La città di Montepulciano ha un passato legato in parte all'essersi trovata all'incrocio di due strade di importanza regionale.


Breve storia di Montepulciano
Montepulciano

Montepulciano ha un passato legato in parte al fatto di trovarsi all'incrocio di due strade di importanza regionale (da Chiusi ad Arezzo da sud a nord, e dalla Valdorcia alla Valdichiana e al Trasimeno da est ad ovest) e in parte alla sua collocazione strategica al confine dell'area di influenza di vari potentati cittadini basso medioevali (Orvieto, Perugia, Siena, Firenze). 
Questo ha fatto sì che nei primi secoli del secondo millennio abbia sviluppato ricchezze e potere in modo ragguardevole, al punto da divenire preda ambita e da conquistarsi un'apprezzabile autonomia vendendo bene la sua alleanza alle città maggiori in perenne conflitto tra sé. Purtroppo la sua definitiva entrata nello Stato fiorentino, dopo il 1511, se ne ha consacrato l'importanza formale (che si riflette nell'imponenza degli edifici pubblici e privati realizzati dopo tale data, e nell'erezione in Diocesi nel 1561) ne ha avviato un lento declino economico e sociale, al punto che nel secolo XVIII il Granduca di Toscana Pietro Leopoldo se ne preoccupava, e s'interrogava sui modi per ridar vita ad un centro tanto prestigioso quanto decadente.

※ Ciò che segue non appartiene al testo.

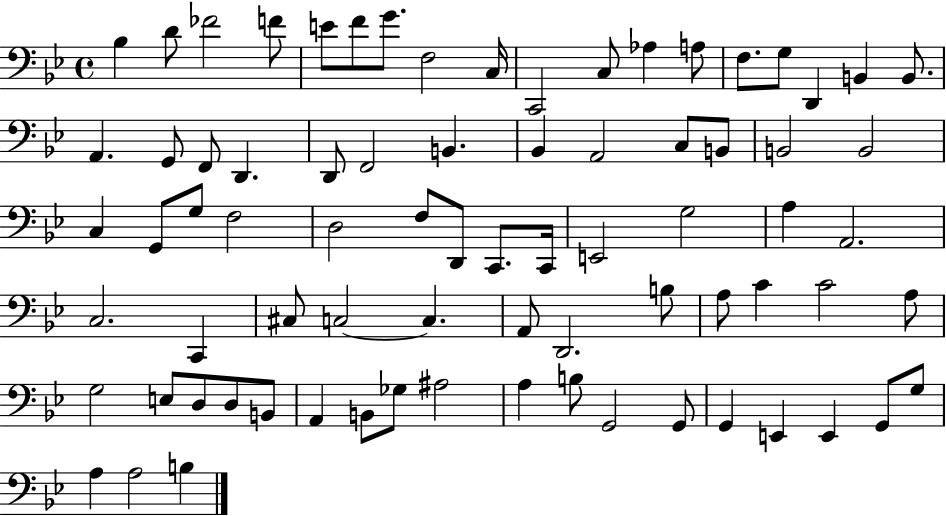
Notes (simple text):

Bb3/q D4/e FES4/h F4/e E4/e F4/e G4/e. F3/h C3/s C2/h C3/e Ab3/q A3/e F3/e. G3/e D2/q B2/q B2/e. A2/q. G2/e F2/e D2/q. D2/e F2/h B2/q. Bb2/q A2/h C3/e B2/e B2/h B2/h C3/q G2/e G3/e F3/h D3/h F3/e D2/e C2/e. C2/s E2/h G3/h A3/q A2/h. C3/h. C2/q C#3/e C3/h C3/q. A2/e D2/h. B3/e A3/e C4/q C4/h A3/e G3/h E3/e D3/e D3/e B2/e A2/q B2/e Gb3/e A#3/h A3/q B3/e G2/h G2/e G2/q E2/q E2/q G2/e G3/e A3/q A3/h B3/q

Visitare Montepulciano Montepulciano : dettaglio dei palazzi storici

Partendo dalla parte bassa della città,all'esterno delle mura, si trovano la Chiesa di Sant'Agnese con portale gotico originale (XIV) e facciata a balzana del Viviani (1926), la Fortezza medicea del Sangallo e la trecentesca porta di Gracciano ristrutturata dallo stesso Sangallo agli inizi del 1500. Entriamo nel centro storico per la Porta di Gracciano: poco piu avanti, a sinistra della Colonna del Marzocco, in Piazza Savonarola possiamo vedere la chiesetta di San Bernardo (XVIII sec.) dell'architetto Andrea Pozzo. Sul lato destro della strada si trova il Palazzo Avignonesi del Vignola. Seguono altri palazzi rinascimentali fino ad arrivare al Palazzo Bucelli nel cui basamento sono murate numerose urne cinerarie e varie pietre e iscrizioni etrusche e latine. Si giunge poi in P.za Michelozzo dove si trova la bella chiesa di S. Agostino con la facciata di Michelozzo. Nella stessa piazza si nota la Torre di Pulcinella (circa XVI sec.) con la caratteristica maschera che batte le ore. 

Continuando a salire troviamo le Logge del Grano o del Mercato, del Vignola, poi il Palazzo Cervini di Giuliano da Sangallo, con la caratteristica pianta ad U ed il cortile esterno. Si arriva poi ai Palazzo Grugni ed alla Chiesa del Gesù, con facciata grezza, bellissima opera di barocco italiano di Andrea Pozzo. Segue il tratto rettilineo di Via dell'Opio fino al quadrivio di Via delle Farine. Siamo cosi arrivati in Via del Poliziano con la trecentesca casa del Poeta, seguita da alcuni palazzi del XVII sec.. Alla fine del viale alberato troviamo la Chiesa di Santa Maria dei Servi (XIV sec.) con facciata gotico-toscana ed un artistico portale. All'interno nel terzo altare a sinistra, possiamo ammirare un prezioso dipinto su tavola di Duccio di Boninsegna da Siena: la Madonna con Bambino.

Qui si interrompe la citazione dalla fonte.